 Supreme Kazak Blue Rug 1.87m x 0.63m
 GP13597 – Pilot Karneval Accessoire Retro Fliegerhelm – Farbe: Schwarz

============================================================

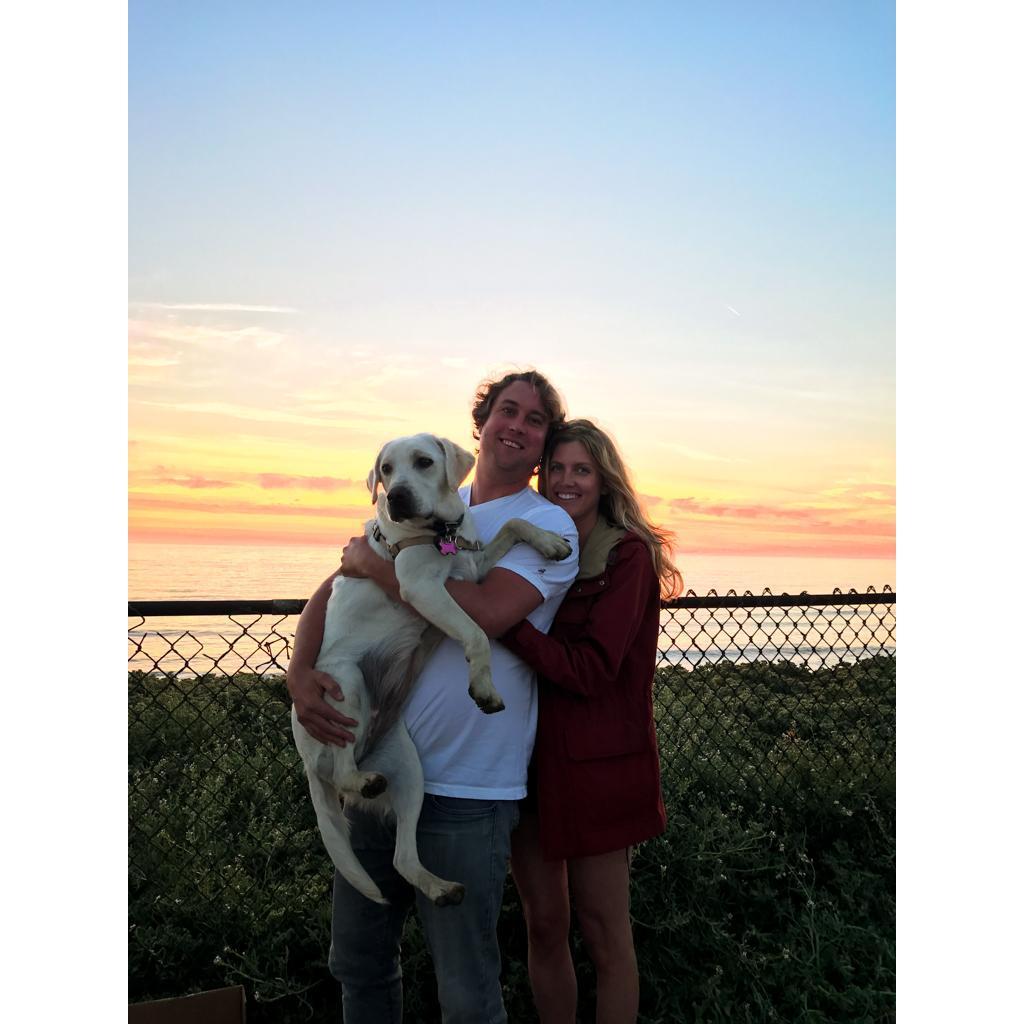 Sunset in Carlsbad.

============================================================

## WHAT YOU ARE ASKED TO DO
Beginning with the line that has "Supreme Kazak Blue Rug 1.87m x 0.63m" and ending with the line that has "GP13597 – Pilot", set down the lines above exactly and include no others.

## WRITTEN ANSWER
 Supreme Kazak Blue Rug 1.87m x 0.63m
 GP13597 – Pilot Karneval Accessoire Retro Fliegerhelm – Farbe: Schwarz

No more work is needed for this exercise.